Stage 2: AI Compaction

When pruning isn't enough, BaseAgent uses the LLM to summarize the conversation.

Compaction Process

sequenceDiagram
    participant Loop as Agent Loop
    participant Compact as Compaction
    participant LLM as LLM API

    Loop->>Compact: Context still too large
    Compact->>Compact: Add compaction prompt
    Compact->>LLM: Request summary
    LLM-->>Compact: Summary response
    Compact->>Compact: Build new messages
    Compact-->>Loop: [System, Summary]
Loading

Compaction Prompt

COMPACTION_PROMPT = """
You are performing a CONTEXT CHECKPOINT COMPACTION. 
Create a handoff summary for another LLM that will resume the task.

Include:
- Current progress and key decisions made
- Important context, constraints, or user preferences
- What remains to be done (clear next steps)
- Any critical data, examples, or references needed to continue
- Which files were modified and how
- Any errors encountered and how they were resolved

Be concise, structured, and focused on helping the next LLM 
seamlessly continue the work.
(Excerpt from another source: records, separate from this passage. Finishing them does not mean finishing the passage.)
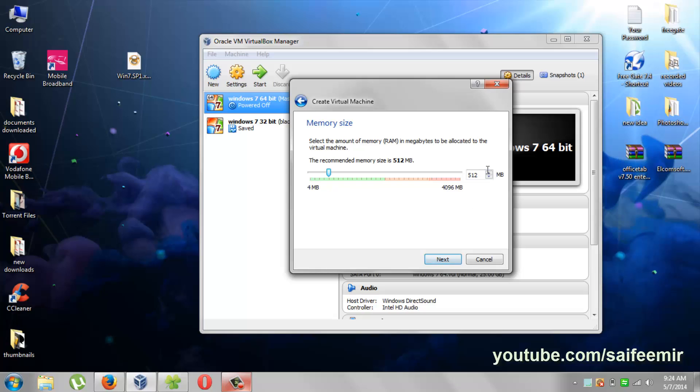Select memory here. It is recommended to select 512. I have 4 GB memory available on my PC that is why I am selecting a higher value. Selecting higher RAM for virtual window will slow down your PC.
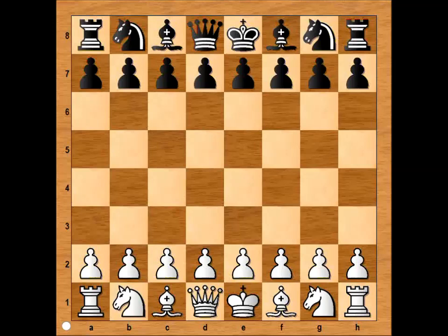Hi, this is Mato. In this video I will show you a very instructive chess game. This is the game between Svetozar Gligoric and Paul Keres that was played in Zagreb in 1958. Zagreb is the capital city of Croatia. This was the match between Yugoslavia and Soviet Union, and the theme is Hanging Pawns.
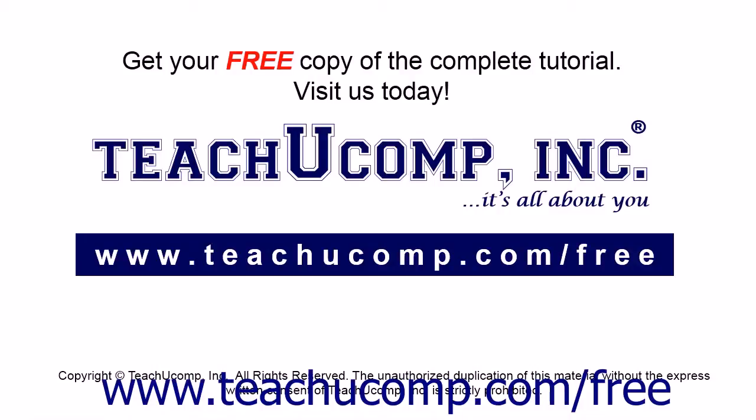Get your free copy of the complete tutorial at www.teachucomp.com forward slash free.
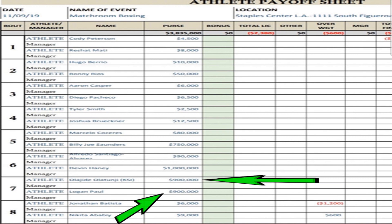On the undercard will feature as the co-main event rising lightweight superstar WBC undefeated world champion Devin the Dream Haney, who will be defending his WBC title. Also, Billy Joe Saunders, undefeated 168 pounds super middleweight, will be featured on the undercard.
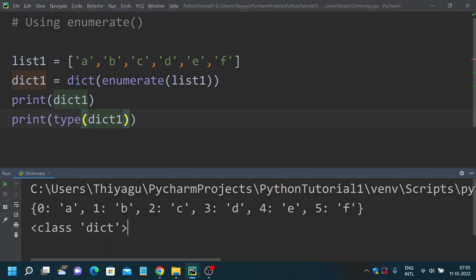There are many ways to convert a list into a dictionary, but these three are the most widely used. To recap: dictionary comprehension is used when you want to apply an operation to an existing list and create a new dictionary from it. The zip method is used when you have multiple lists and want to match them into key-value pairs. And the enumerate method is used when you have a single list and just want to convert it into a dictionary with auto-generated index keys.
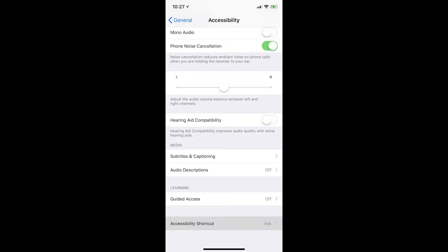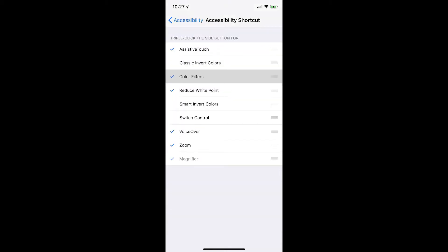Scroll to the bottom and tap accessibility shortcut, then select color filters.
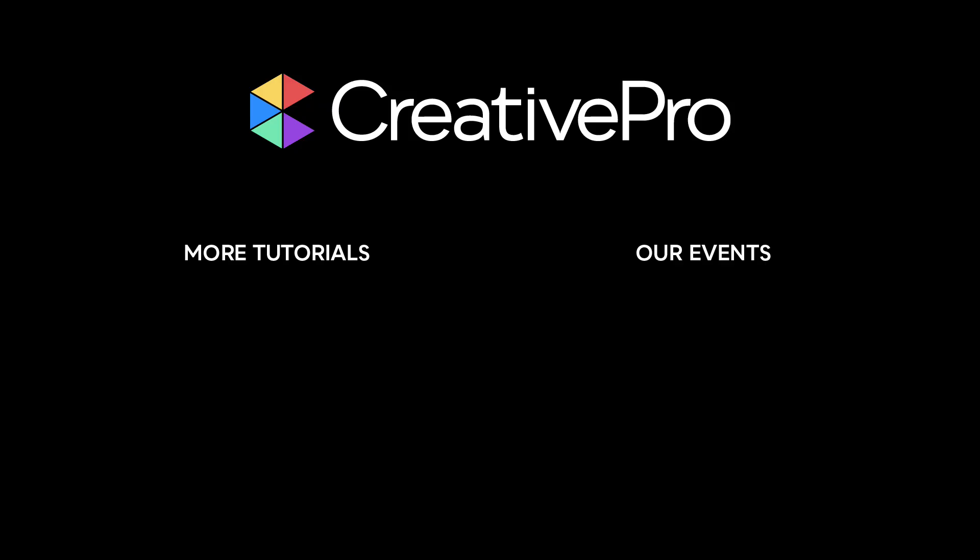Well, I hope you enjoyed this video. If you did, be sure to give it a like and subscribe to our channel. And for thousands more how-to articles and tutorials, visit our website creativepro.com and become a member today. Thanks for learning with us.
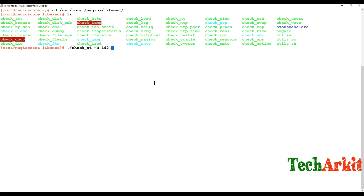Using the check_nt plugin: the -H flag is the host name, 192.168.1.113 is the server IP address, -A is for arguments — argument one is what you want to verify. I'd like to verify the uptime of that server.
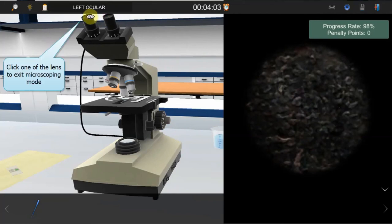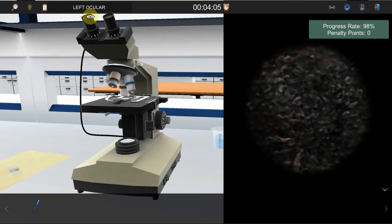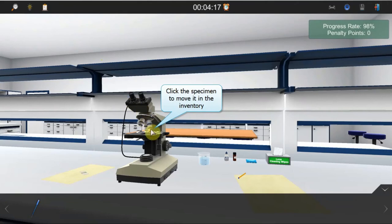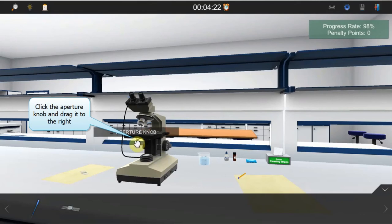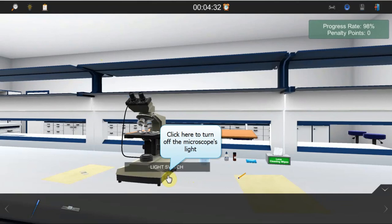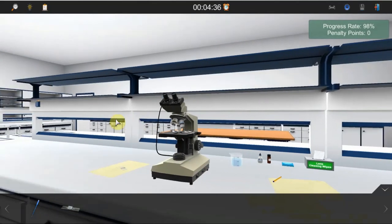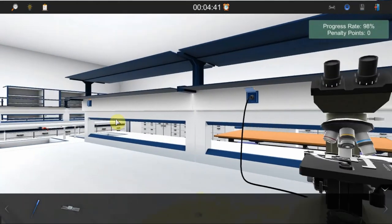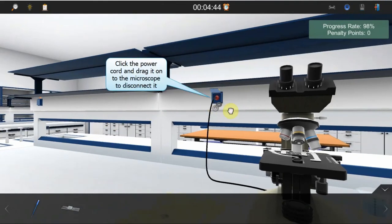Exit the microscoping mode by left-clicking on the glass of the ocular and reset the microscope to its initial state. Click on the test specimen to move it into the inventory. Rotate the iris knob to the right-most position. Set the light intensity to 1 by rotating it to the left. Turn off the light of the microscope. Disconnect the power cord from the socket.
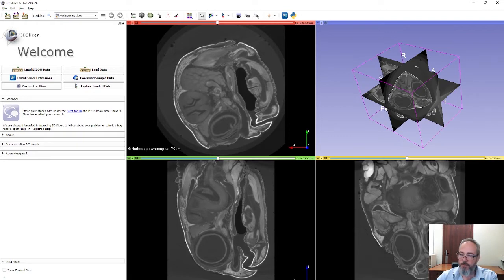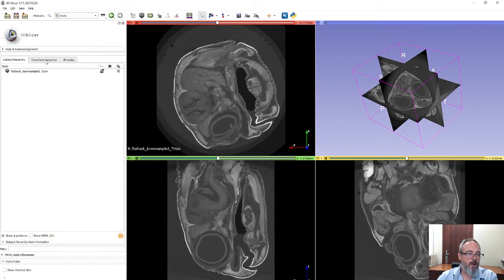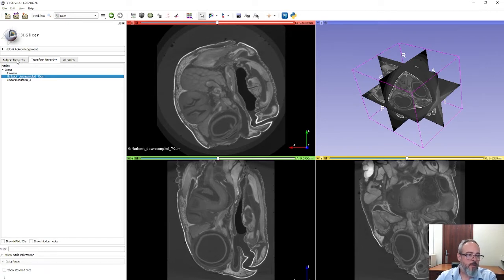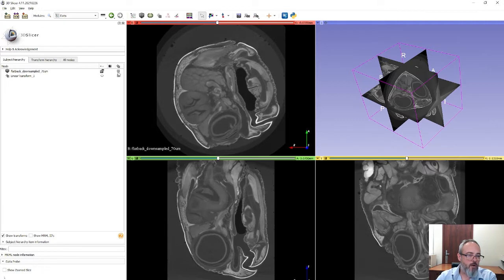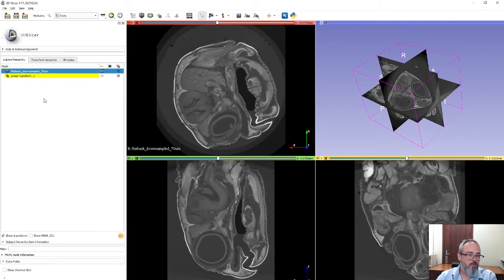Next step: go to the Data menu in the modules, go to the Transform Hierarchy, and on the data right-click and insert a transform. You now have a Linear Transform. Go back to the Subject Hierarchy, right-click on the little grid icon on the data, and set it from None to Linear Transform, which attaches this linear transform to the data.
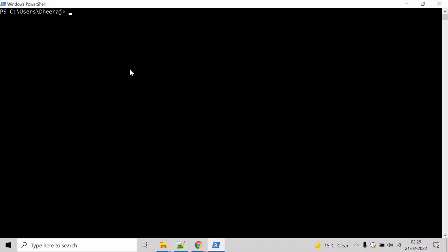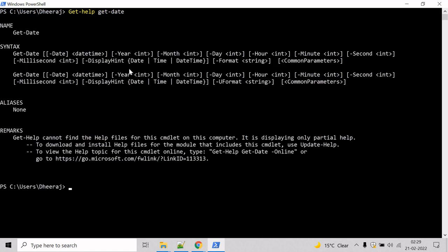Go to the PowerShell command prompt. And if you want to know the parameters of Get-Date cmdlet, then we can take help of Get-Help cmdlet. Type Get-Help and mention Get-Date, hit enter and here you can see Get-Date supports date, year, month parameters and so on.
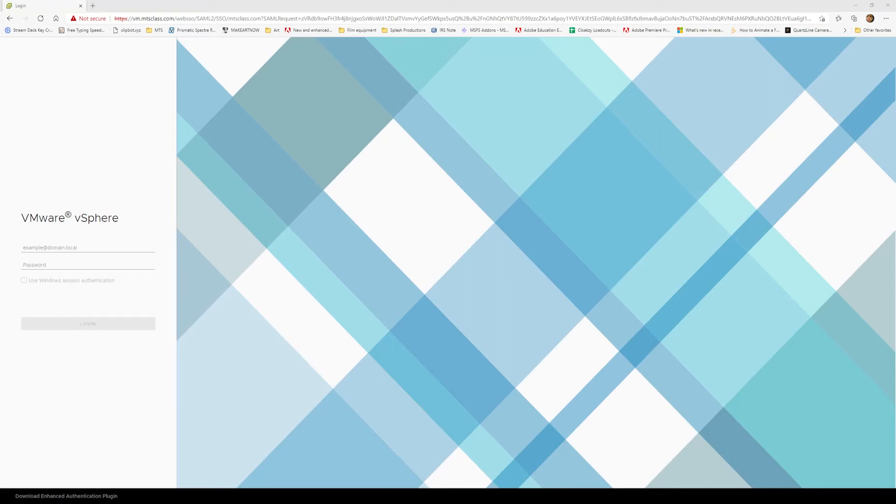In this video, I am going to show you how to create a virtual machine in vCenter. So let's get logged in.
Use bullet points and clear sections.
"""

Result

The compacted messages are:

compacted = [
    {"role": "system", "content": original_system_prompt},
    {"role": "user", "content": SUMMARY_PREFIX + llm_summary},
]

Summary Prefix

SUMMARY_PREFIX = """
Another language model started to solve this problem and produced 
a summary of its thinking process. You also have access to the state 
of the tools that were used. Use this to build on the work that has 
already been done and avoid duplicating work.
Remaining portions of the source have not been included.